Ballad of the Cart Song of the Cart (荷車の歌, Niguruma no uta) is a 1959 Japanese drama film directed by Satsuo Yamamoto. It was written by Yoshikata Yoda, based on a novel by activist Tomoe Yamashiro.

==Plot==
In Hiroshima Prefecture during the Meiji era, simple housemaid Seki accepts the proposal of Moichi, an educated mail carrier, who has decided to quit his job and save money for a warehouse by transporting goods with his wooden cart. Seki's parents disown her for not asking for their approval, and also Moichi's mother, a widow, does not accept her as her daughter-in-law, treating her disdainfully. The couple borrows money for a second cart, and Seki joins her husband in his hard labour life.
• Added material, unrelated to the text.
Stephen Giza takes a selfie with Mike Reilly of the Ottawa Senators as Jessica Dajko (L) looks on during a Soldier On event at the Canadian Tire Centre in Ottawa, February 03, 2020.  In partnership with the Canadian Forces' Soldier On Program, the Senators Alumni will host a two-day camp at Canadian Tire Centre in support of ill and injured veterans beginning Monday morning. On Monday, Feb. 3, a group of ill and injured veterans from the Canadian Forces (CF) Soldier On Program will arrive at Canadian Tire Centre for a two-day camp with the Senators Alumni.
The film follows Seki through familial and financial difficulties and her raising five children over the next 50 years, and ends with the post-war agrarian reform.

==Cast==
- Yūko Mochizuki as Seki
- Rentarō Mikuni as Moichi
- Teruko Kishi as Moichi's mother
- Sachiko Hidari as Otoyo
- Mitsuko Mito as Natsuno
- Kō Nishimura as Hatsuzo
- Yoshio Inaba as Fujitaro
- Eitarō Ozawa as Seki's employer
- Kumeko Urabe as Ohina

==Production==
The production of Ballad of the Cart was funded with the help of Japan's National Association of Women Farmers and produced by the National Rural Film Association. Screenwriter Yoshikata Yoda, a frequent collaborator of director Kenji Mizoguchi, adapted Tomoe Yamashiro's 1956 novel of the same name, a notable post-war example of Japanese "peasant literature".

==Release==
The film was released cinematically in Japan on February 11, 1959 by Shintoho. It was later released on DVD in 2004.

==Awards==
Ballad of the Cart received awards for Best Director (Yamamoto) and Best Film Score (Hikaru Hayashi) at the 1960 Mainichi Film Awards.

In Kinema Junpo magazine's list of the 10 best Japanese films of the year, Ballad of the Cart reached #4 in 1959.

==Reception==
Film scholar Alexander Jacoby pointed out the film's depth of characterisation and intelligent script, calling it "exceptionally moving" and "probably Yamamoto's masterpiece".